Full disclosure, the first winter after we retire I plan on spending three months living in New Zealand. Our winter is their summer and one of my dreams is to live out of a camper van while touring around both islands. Even with everything I’m about to write, that is still my plan 😉

Gavin joined Becky and I for our snowshoeing this morning and we had a great time while Dominic snow boarded. I’ve written about the peacefulness of being in the woods the past few days so I’ll do my best to take this in a slightly different direction. What I enjoyed the most about snowshoeing and the rest of the day was appreciating winter.

For much of my life winter has been my least favorite season. I sometimes go stir crazy and spend time waiting for it to be over. With everything going on this year and with my focus on being outside I’ve really found this to be the winter in which I’ve fallen back in love with it. This probably sounds sick, but I’m thinking it might take over the number three slot from spring (fall being in first, summer a close second).

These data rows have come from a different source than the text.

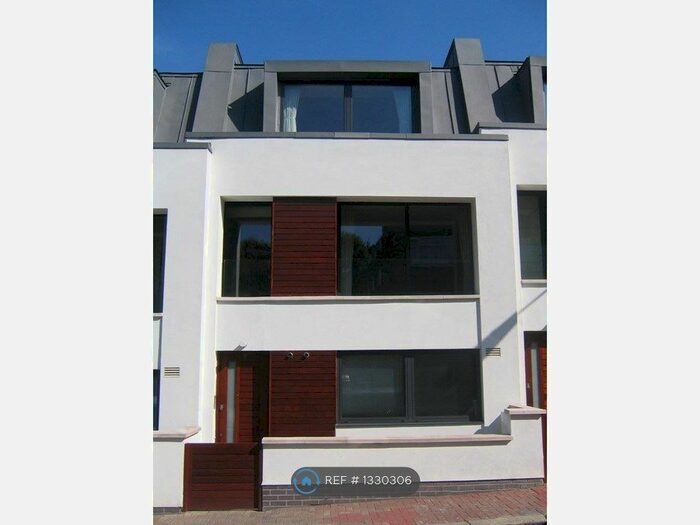 5 Bedroom Terraced House To Rent In Tonsley Place, London, SW18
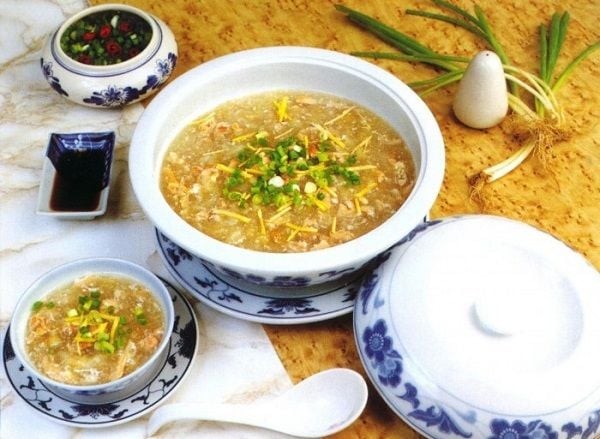 Nguyên liệu sơ chế sẵn sàng cho món súp gà yến sào độc đáo.
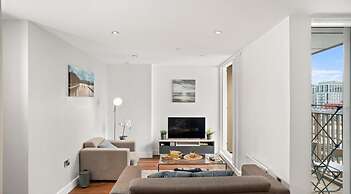 Spectacular Apartment Balcony View in City Centre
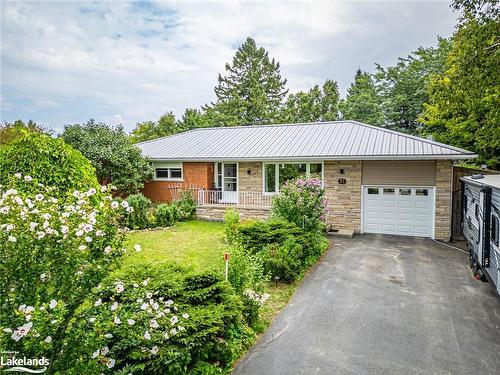 31 Saunders Street, Collingwood, ON - Outdoor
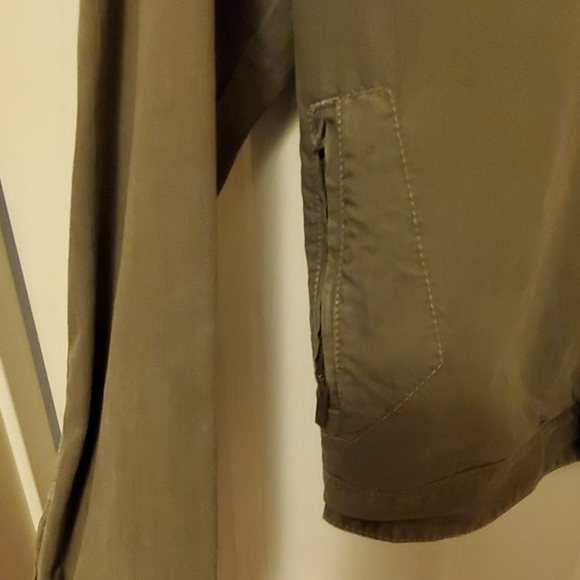 Men Jean's Jacket - Picture 4 of 6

In the woods today I kept smiling as I drew fresh full breaths of cold air through my nose. The blanket of fresh snow covering everything accentuated so many features. The occasional unfrozen spring water caught our attention and really stuck out. The frost and snow covering the milkweed pods caused me to stop and take a moment to take in the view. All the branches were covered with a light coating of snow and sometimes when the wind would blow just right there’d be a little mini avalanche of snow falling from limb to limb until it hit the ground.

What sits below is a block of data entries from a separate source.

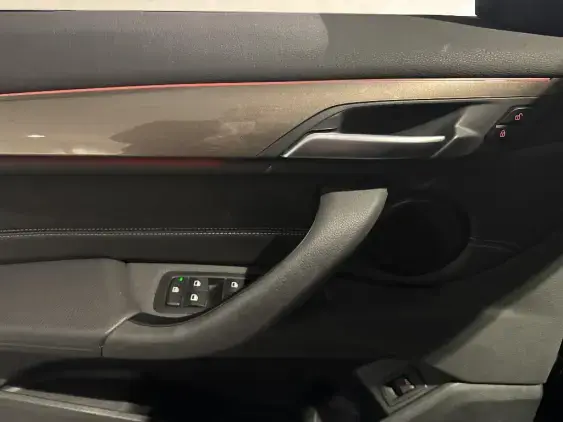 BMW X1 F48 - voiture d'occasion - Photo 16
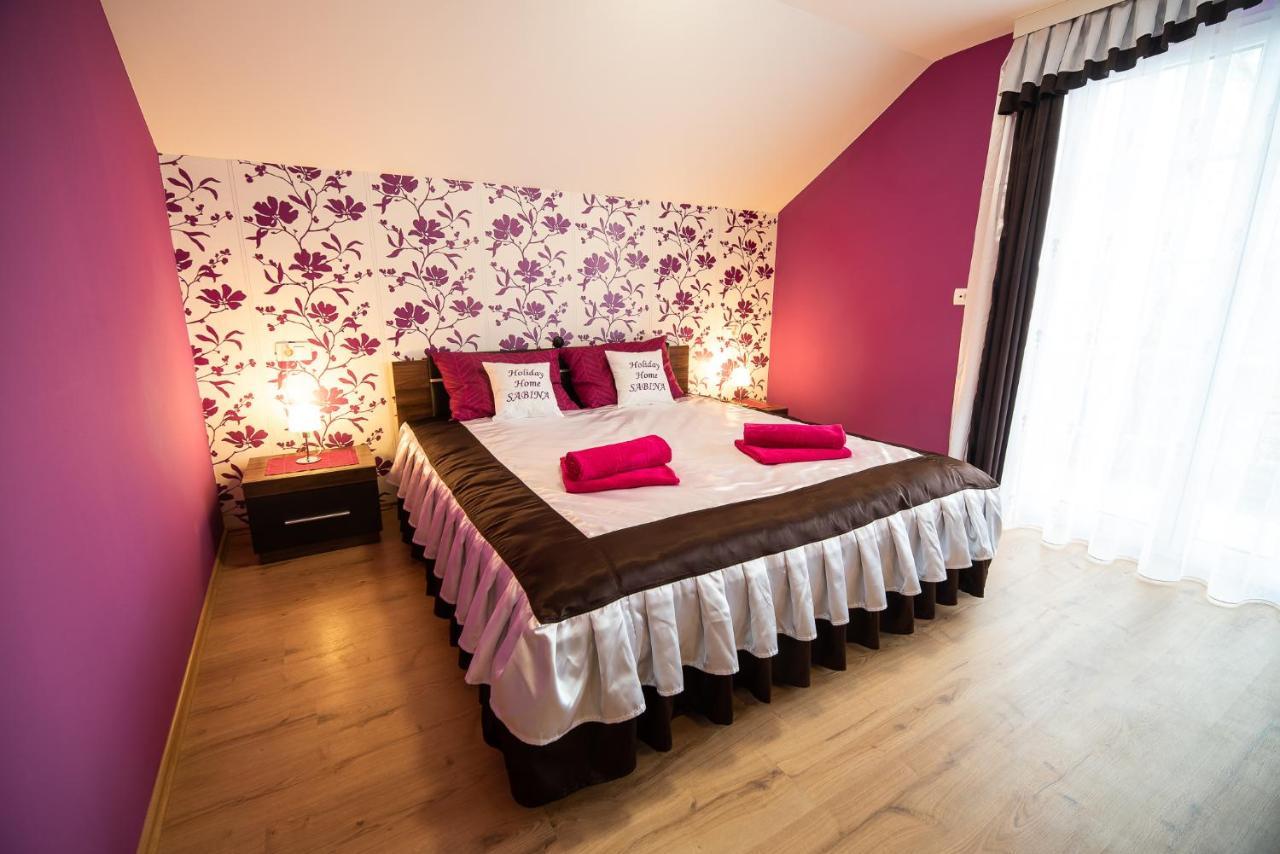 Holiday Home With Hot Tub And Sauna Sabina Rovte Esterno foto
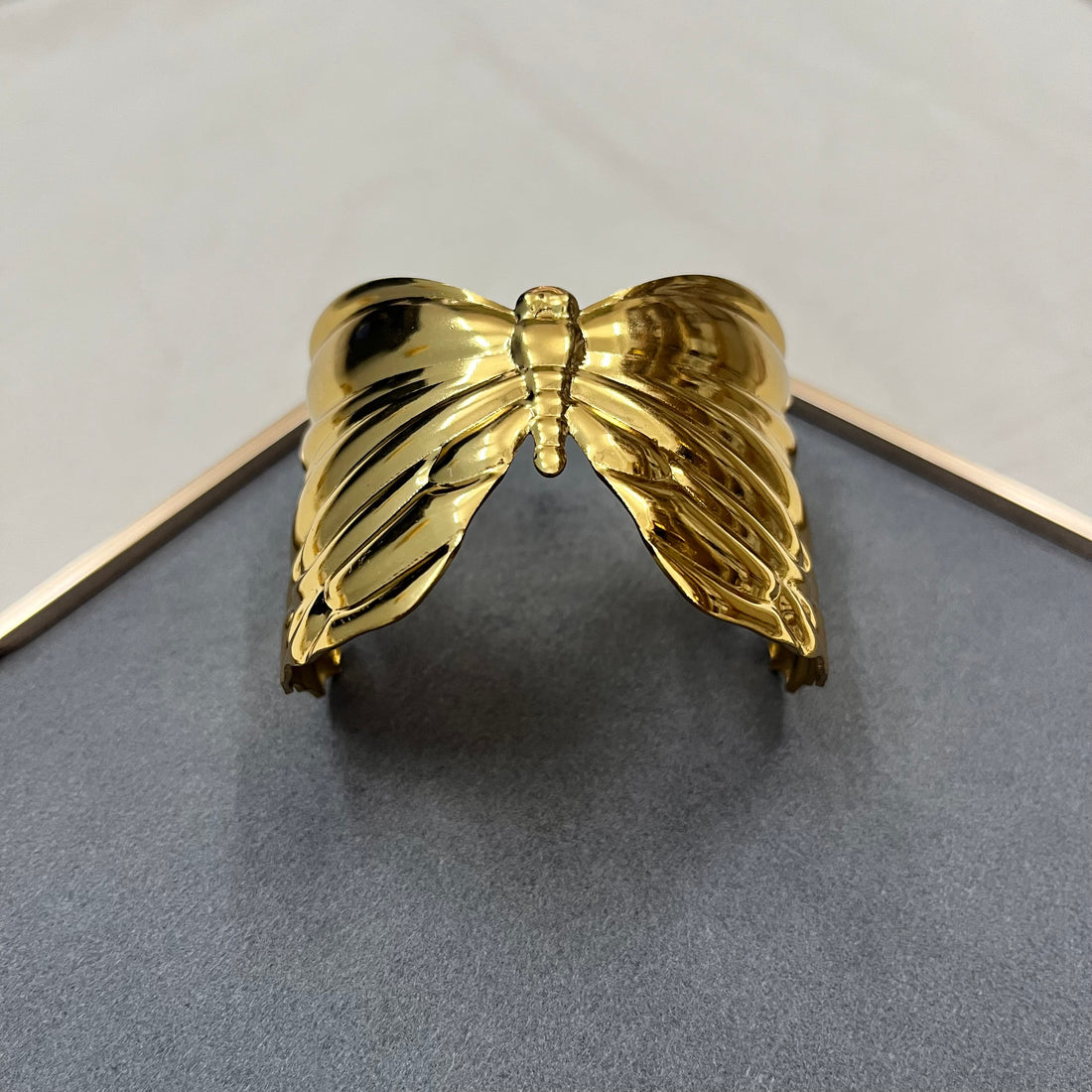 GOLD BUTTERFLY KADA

As if that wasn’t quite enough Becky had an awesome idea. After snowshoeing and a quick lunch we headed out to the same waterfalls we visited only seven months ago. The road into the park was almost impassable and completely void of any fresh tracks. We had the entire park to just the three of us and went from observation deck to observation deck taking in the spectacular sights from each. Have you ever seen a waterfall spouting the water through ice? It was wild!!! The ice formations around the water were so surreal and the snow in the surrounding forest valley enhanced the mind blowing view. That is a sight I’ll keep treasured in my memories forever.

Once we realized that we were only a few miles from Lake Superior we hit the road and hiked out to the beach we’d gone to this summer. The sand was gone and replaced with ice and snow. The waves slammed the shore and launched gallons of water into the air like we’d seen in the blowholes in Grand Cayman and Maui. The entire landscape was so frozen, wintery, and beautiful.

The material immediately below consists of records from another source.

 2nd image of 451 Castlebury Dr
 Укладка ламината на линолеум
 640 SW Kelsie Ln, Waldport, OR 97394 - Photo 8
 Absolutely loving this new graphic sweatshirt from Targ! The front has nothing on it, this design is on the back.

Only a year or two ago I would’ve groaned about it being winter. Over the past few days, especially today, I’m grateful for taking time to remember all the reasons I should pause to appreciate winter instead. What an awesome season that is full of its own forms of beauty!


Day 1,573 – Thankful for Profound Peace In the Woods While Snowshoeing

Snowshoeing through the snow covered forest is surreal experience. The white of the snow washes out most of the world into various shades of gray. Sound doesn’t travel nearly as well through the forest and bed of snow which causes an acoustically pleasing level of quiet. The only sounds heard are the crisp sound of the crampon of the snowshoe striking the ice crusted snow just right and a deep bass sound as my foot settles on an almost hollow sounding crust of snow.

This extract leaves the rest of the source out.